I’ve noted earlier my problems in solving what “should” be a simple problem — finding a competent (but not too expensive) designer to build our email marketing templates to look appealing. Why should this be so difficult? There are plenty of really well-designed email templates/concepts and lots of businesses publish really good stuff, but I’m caught in a vortex.
One reader (honorably) suggested: “Why not sign up with one of the commercial services?” for the weekly constructionmarketingideas.com email. She named it — and indeed the service (mailchimp.com) offers a user-free option for many smaller mailings, and the list I’m using for this project would qualify for the service. So it is a solution, sort of.
But I have other lists, letters, needs, and all of these are on the handy and reliable self-hosted server model, with really good data and pretty strong spam protection/avoidance tools. So hiving off this list and leaving the others where they are seems like an inelegant solution, at best.

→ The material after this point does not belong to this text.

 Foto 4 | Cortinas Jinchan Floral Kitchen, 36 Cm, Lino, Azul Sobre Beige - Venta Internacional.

There are options, of course. I could post and offer to pay $20 to $50 an hour or more (for a possibly undefined, but certainly longer-than-I-would like) time for some expert help. Maybe okay for an hour or two, but for 30 to 40 hours? Sometimes good solutions are costly, I know, but why is it that seemingly equal problems can be solved quickly with a few clicks of the button and many competing service providers for $20 or $30?

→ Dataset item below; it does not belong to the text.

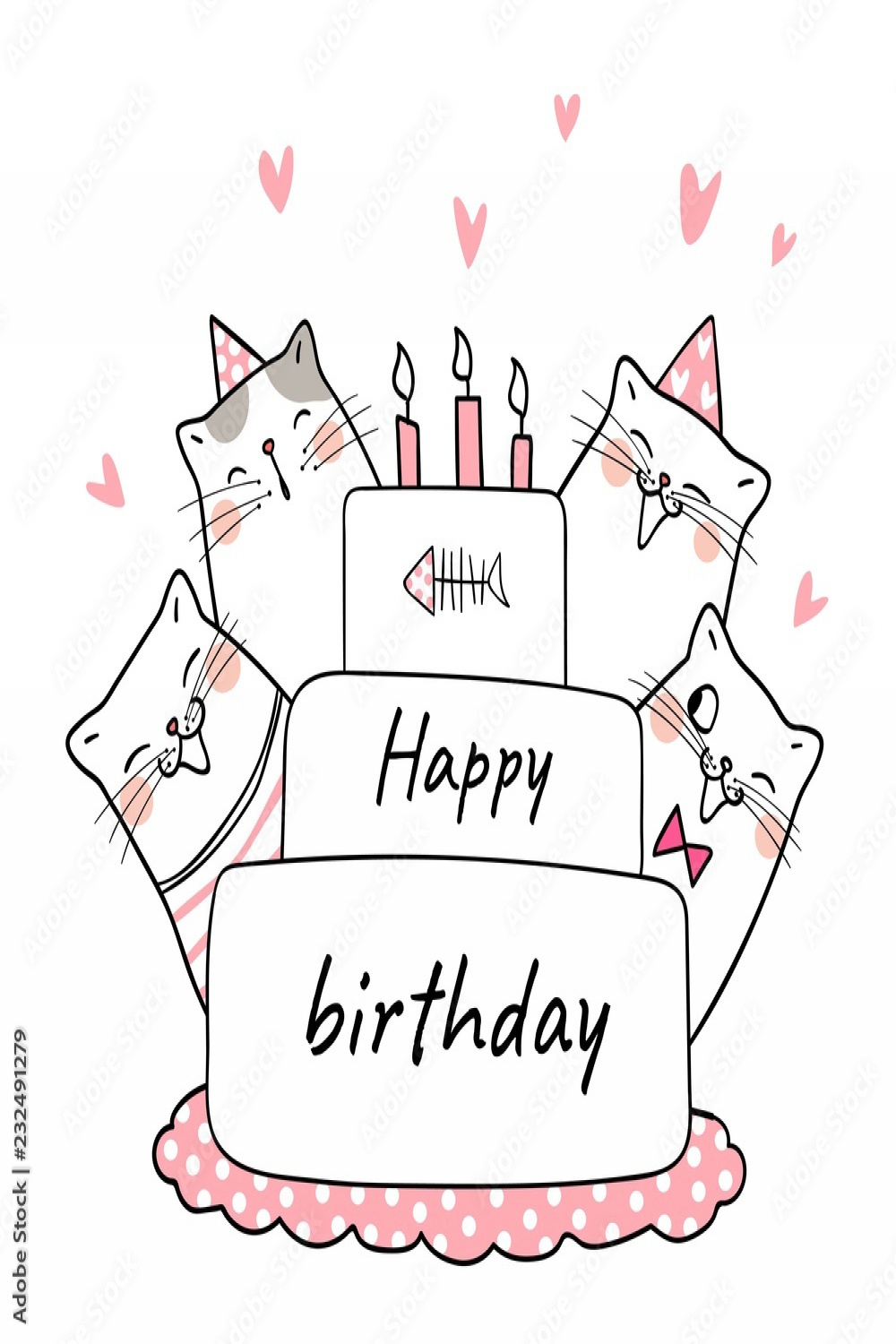 Draw cute cat in beauty cake for party birthday Stock-Vektorgrafik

We experience these paradoxes of course quite frequently in marketing. Sometimes the answers and business-building solutions are so simple and easy they shock us with their effectiveness and simplicity. Sometimes, we struggle, endlessly it seems, without an answer. And sometimes the answer appears quickly and seemingly out-of-the-blue, but can’t quickly be replicated. You try, try again, and still can’t repeat the good fortune (until some other surprise occurs).

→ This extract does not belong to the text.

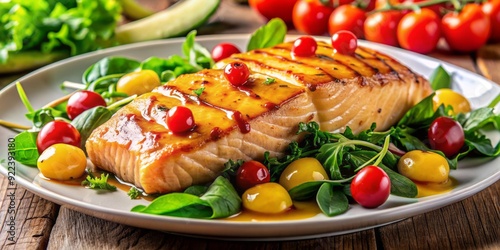 Freshly grilled salmon fillet smothered in a sweet and tangy honey mustard glaze, served on a bed of crisp mixed greens and cherry tomatoes. photo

Of course these elements frame the rest of our business and personal lives. Luck interfaces with science; experience shapes perceptions, and sometimes leads to repeatable inspiration, and sometimes to dead ends. The answer, I know, can be discovered in intelligent perseverance; not blindly repeating the same mistakes over and over (that would be insane, of course), but exploring, questioning, asking and searching for the answers that work right long-term. In this regard, I’m fortunate to have achieved longer-term success despite seemingly insurmountable obstacles along the way. I’ll solve this problem, and others. But it is still frustrating to be in the middle of the solution-searching stage.